The course will assume familiarity with the R statistical programming language. Participants should be able to know how to read datasets in R, work with vectors and data frames, and run basic statistical analyses, such as linear regression. More advanced knowledge of statistical computing, such as writing functions and loops, is helpful but not required.

Short Outline

Massive-scale datasets from web sources and social media, newly digitized text sources, and large longitudinal survey studies present exciting opportunities for the study of social and political behaviour, but at the same time its size and heterogeneity present significant challenges. This course will introduce participants to new computational methods and tools required to explore and analyse Big Data in the social sciences using the R programming language. It will be structured around techniques to deal with the 3 V's of Big Data: volume, variety, and veracity. First, we will cover the basics of parallel programming and cloud computing to analyse large-scale datasets. Second, we will learn how to scale human tasks through the use of machine learning methods. Finally, we will discuss how to automatically discover insights from large text and network datasets and validate the output of this analysis. The course will follow a "learning-by-doing" approach, with short theoretical sessions followed by "data challenges" where participants will need to apply new methods.

Long Course Outline

The volume and heterogeneity of the new datasets available in the digital age present unprecedented opportunities for social scientists, but also new methodological challenges. Computing a simple average for a variable across groups can take minutes when a researcher is working with government records, large-scale survey studies or social media datasets with millions of rows. A corpus of legislative speeches can often include thousands of documents, possibly in multiple languages, making it impossible to rely on human annotators to classify the issue to which each speech refers. The goal of this course is to learn how to overcome these challenges by learning the computational methods required to explore and analyze “Big Data” from a variety of sources using the R programming language.

The course will follow a "learning-by-doing" approach. Code and data for all the applications will be provided, and students are required to bring their own laptops to follow along. Each session will start with around 45-60 minutes of lecturing and coding led by the instructor, followed by "data challenges" where participants will need to apply what they have learned to new datasets. Although these data challenges will be started in class, participants will be asked to complete them after the end of each session. Solutions for each challenge will be posted by the beginning of the following class, and we will leave time for questions.

The course will begin with a discussion of the concept of "Big Data" and the research opportunities and challenges of the use of massive-scale datasets in the social sciences. The first session will also provide a foundation of R coding skills upon which we will rely during the rest of the course. Here, we will go over existing packages to efficiently analyze large-scale datasets in R, how to parallelize for loops, and how to read and write large files.

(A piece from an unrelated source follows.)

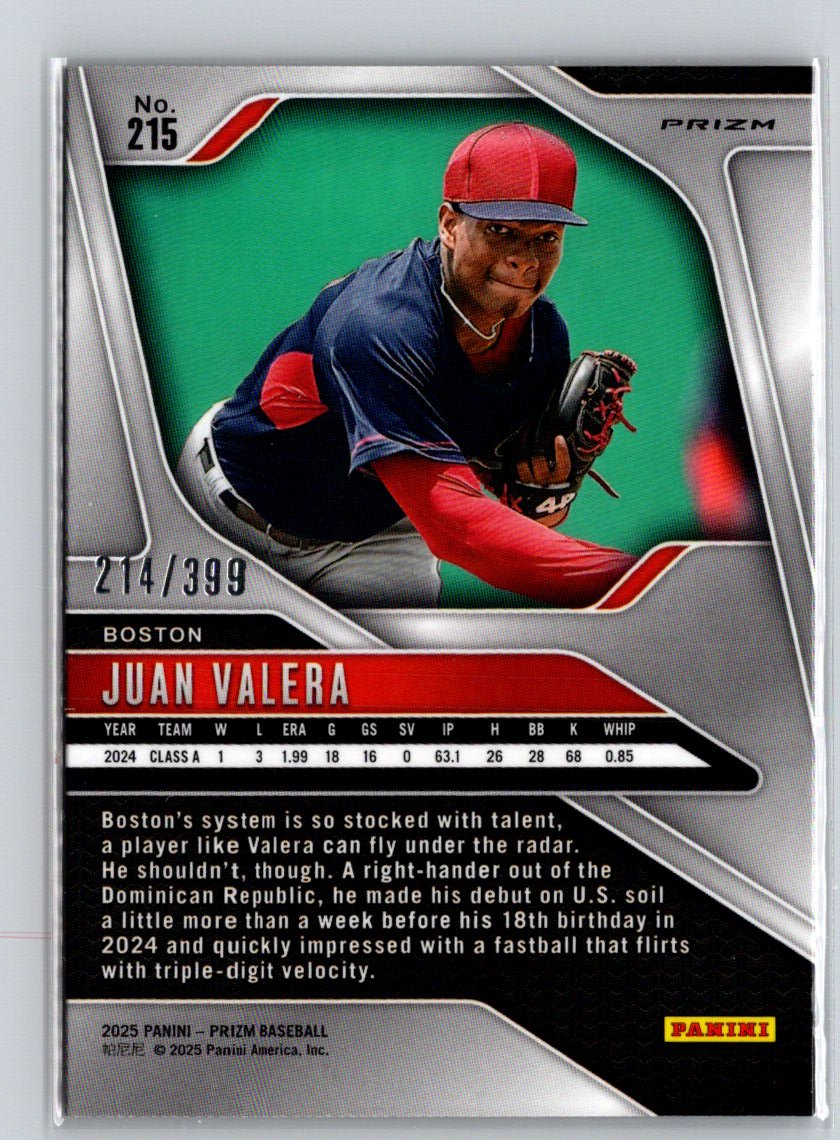 2025 Panini Prizm #215 Juan Valera Orange Pulsar Prizms #/399 P26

The second session will focus on the most common application of Big Data in the social sciences: large-scale text classification. After a quick overview of the basics of machine learning, we will discuss specific details of the implementation of supervised learning algorithms in massive-scale datasets, and in particular recently-developed methods in computer science such as stochastic gradient descent, xgboost, and ensemble classifiers. Our emphasis will lie on the practical aspects: we will study these methods in the context of an application of sentiment analysis to newspaper articles, and will go through the entire research process, from the creation of a training dataset labeled by humans using crowd-sourcing platforms, to the application and validation of the machine learning algorithm, and passing through all the intermediate steps, such as cleaning and preprocessing the corpus of documents.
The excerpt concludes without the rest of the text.